Llanwarne, Herefordshire


The variations on the classical orders of architecture – Doric, Ionic, Corinthian, Composite, Tuscan – are legion. They’ve been the subject of posts on this blog before, but I don’t think I’ve covered a Jacobean variation. This is from a wall monument inside the ruined church at Llanwarne that I featured in my previous post. Maybe some dedicated pursuivant of heraldry could work out whose monument it was from the coats of arms on it. Perhaps it commemorates the person who paid for work on the church in the 17th century, including the south porch – but that’s speculation and in this post I’m concentrating on one small detail of the monument’s design.

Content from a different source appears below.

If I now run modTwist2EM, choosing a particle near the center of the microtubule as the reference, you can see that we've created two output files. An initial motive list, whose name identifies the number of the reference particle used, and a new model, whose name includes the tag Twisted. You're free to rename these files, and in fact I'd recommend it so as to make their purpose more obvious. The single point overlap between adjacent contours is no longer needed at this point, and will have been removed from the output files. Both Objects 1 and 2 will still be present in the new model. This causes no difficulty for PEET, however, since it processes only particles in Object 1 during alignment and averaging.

Even now the stonework is weathered, the amount of effort expended by the carver is clear, and one focus of that effort was to delineate a variation in the Ionic order that’s very much of its time. Even the shaft is distinctive, with its deep, curving convex mouldings, in contrast to the concave flutes that are more usual on classical columns. There’s additional fine detailing between each moulding that looks as if the sculptor has created a series of miniature flutes topped with tiny roundels. The necking ring above is very deeply moulded, and above it is a band ornamented with tiny hemispheres in groups of five, arranged in a pattern that’s repeated in the capitals above. Between the capital’s spirals is what looks like some egg and dart decoration, but this has worn rather flat. Adjoining the shaft and capital to the right are the rolls and scrolls and flat patterns we now called strapwork, something typical of 17th century English interiors.

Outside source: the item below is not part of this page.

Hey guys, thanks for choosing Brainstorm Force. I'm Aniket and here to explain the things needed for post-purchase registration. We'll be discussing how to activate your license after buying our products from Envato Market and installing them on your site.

In other words, this detail shows an English carver doing what English carvers so often did – taking a classical motif that we associate with ancient Greece or Rome and giving it a character that’s both more local and very much of its time. True, some of the ideas may come from pattern books published in France or the Low Countries, go-to sources for much English Renaissance design. But the effect – vigorous, rural, but showing visual flair – is very English, and shows, as so often, that the orders were an adaptable starting point for craftworkers who’d learned the classical ropes.

1 comment:

Joseph Biddulph (Publisher) said...

Somehow, this being in the open air, evokes monuments in ruined old churches in Ireland. There's a confident swagger about Jacobean sort-of Classical which is very beguiling, although one regrets the tendency of the time to fill up parish churches with elaborate monuments for the rich. The compensation of course is the heraldry. I don't know where to find the notes on this monument, if I made them, but the old lion rampant suggests one of the old Native Welsh arms so prevalent in Wales and over the border - Llanwarne of course being quite near it, and I think in the old Archenfield (Erging) that was a Welsh-speaking area once. The heraldic design has that confidence too. There must have been a fair number of artists (or one very over-worked one) able to do these things circa 1636.